▸ **Exercise brief**:
Beneath this instruction is a listing. Transcribe from it only the stretch from the line with "E-R Diagram for" through the line with "For each point", both end lines included, exactly as written.
==== Records shown
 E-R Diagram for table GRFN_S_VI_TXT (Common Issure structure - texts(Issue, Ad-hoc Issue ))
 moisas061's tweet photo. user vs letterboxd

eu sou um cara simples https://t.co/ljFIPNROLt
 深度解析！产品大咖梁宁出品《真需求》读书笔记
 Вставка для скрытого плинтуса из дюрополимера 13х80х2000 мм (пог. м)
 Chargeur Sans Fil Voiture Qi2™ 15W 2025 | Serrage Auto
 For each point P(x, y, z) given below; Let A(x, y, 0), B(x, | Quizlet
========
==== Records shown
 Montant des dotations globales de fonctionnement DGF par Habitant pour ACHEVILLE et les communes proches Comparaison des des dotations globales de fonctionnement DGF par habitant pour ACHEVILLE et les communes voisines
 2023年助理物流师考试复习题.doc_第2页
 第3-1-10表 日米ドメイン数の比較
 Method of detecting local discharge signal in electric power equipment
========
==== Records shown
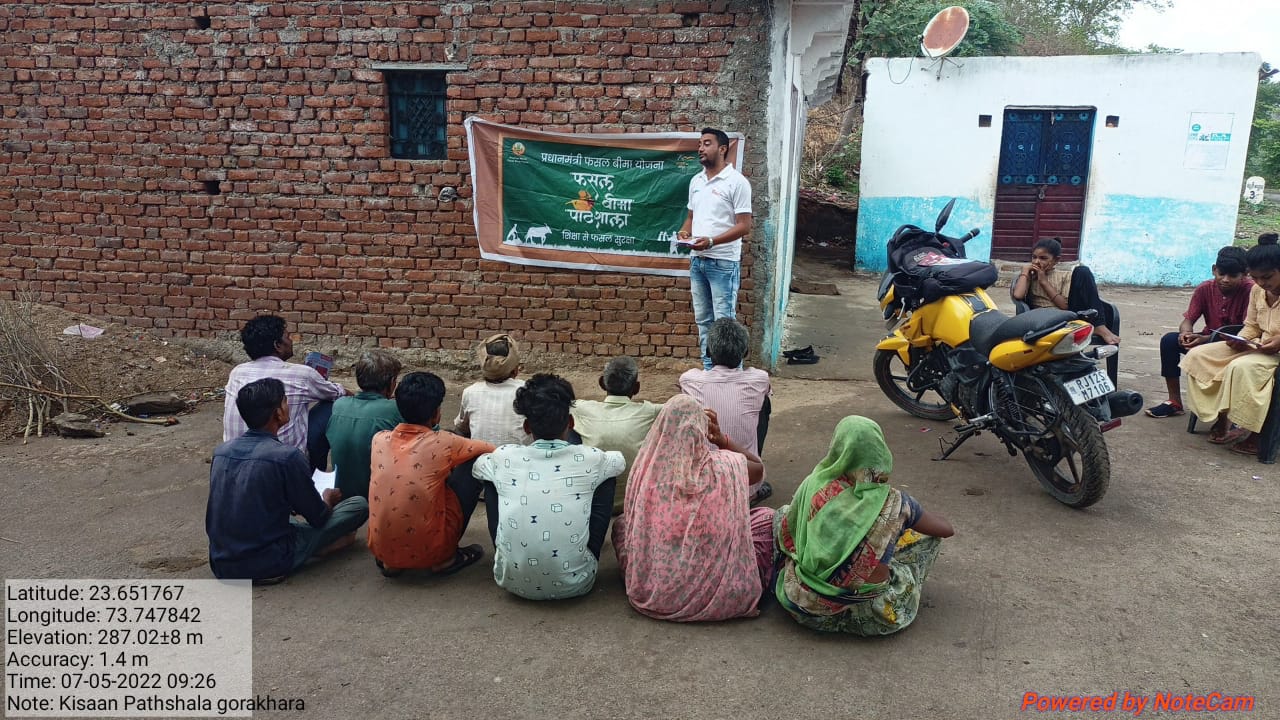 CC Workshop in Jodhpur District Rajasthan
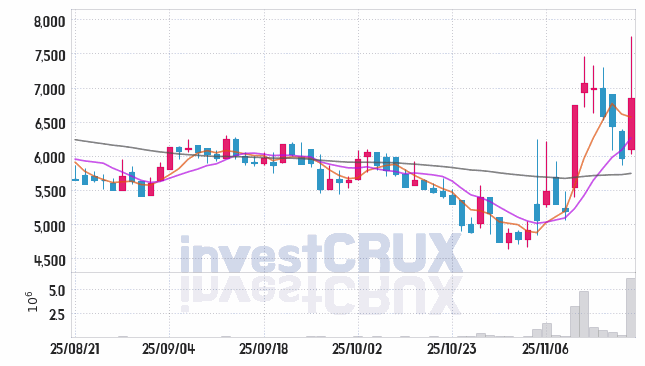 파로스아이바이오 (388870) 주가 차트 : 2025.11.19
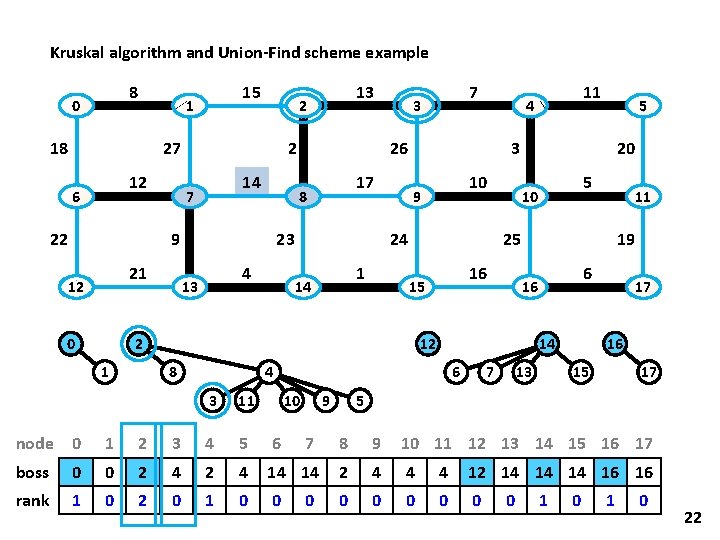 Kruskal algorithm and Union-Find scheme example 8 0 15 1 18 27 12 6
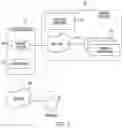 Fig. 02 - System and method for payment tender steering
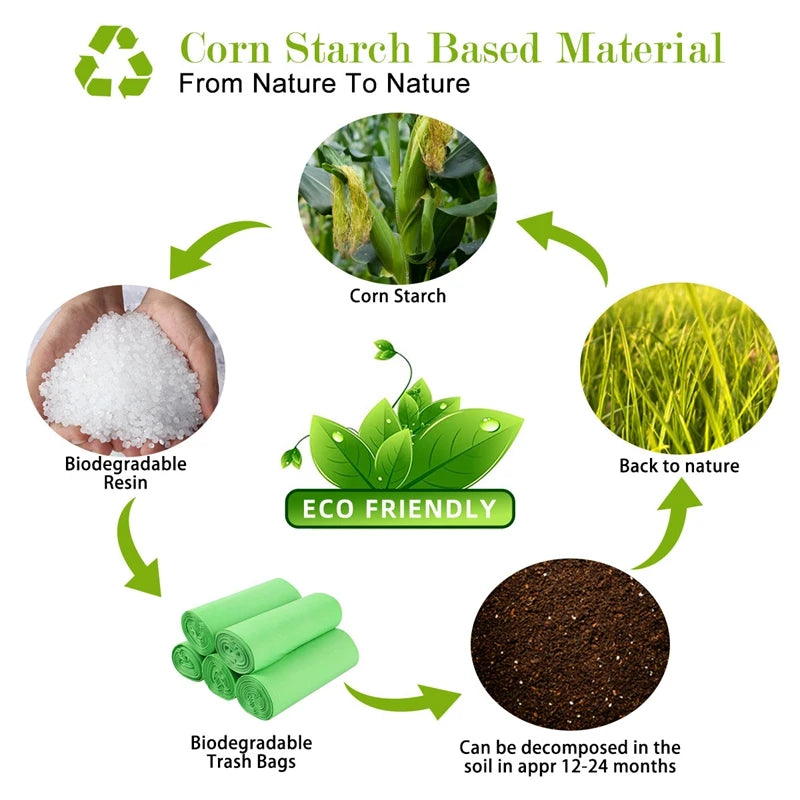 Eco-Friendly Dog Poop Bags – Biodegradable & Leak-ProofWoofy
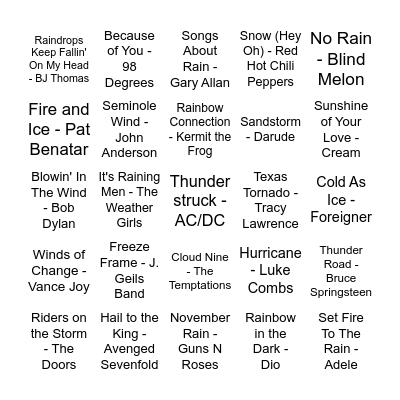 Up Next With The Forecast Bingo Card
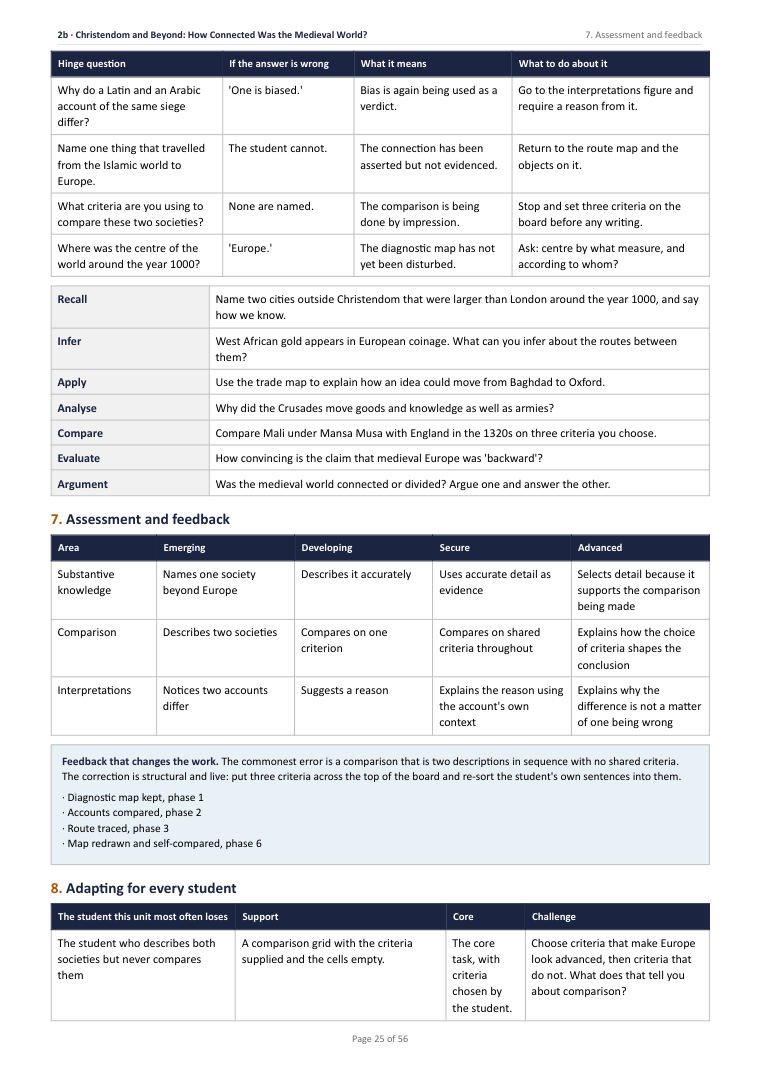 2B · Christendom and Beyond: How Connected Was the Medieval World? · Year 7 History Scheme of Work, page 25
========
▸ **Your response**:
 E-R Diagram for table GRFN_S_VI_TXT (Common Issure structure - texts(Issue, Ad-hoc Issue ))
 moisas061's tweet photo. user vs letterboxd

eu sou um cara simples https://t.co/ljFIPNROLt
 深度解析！产品大咖梁宁出品《真需求》读书笔记
 Вставка для скрытого плинтуса из дюрополимера 13х80х2000 мм (пог. м)
 Chargeur Sans Fil Voiture Qi2™ 15W 2025 | Serrage Auto
 For each point P(x, y, z) given below; Let A(x, y, 0), B(x, | Quizlet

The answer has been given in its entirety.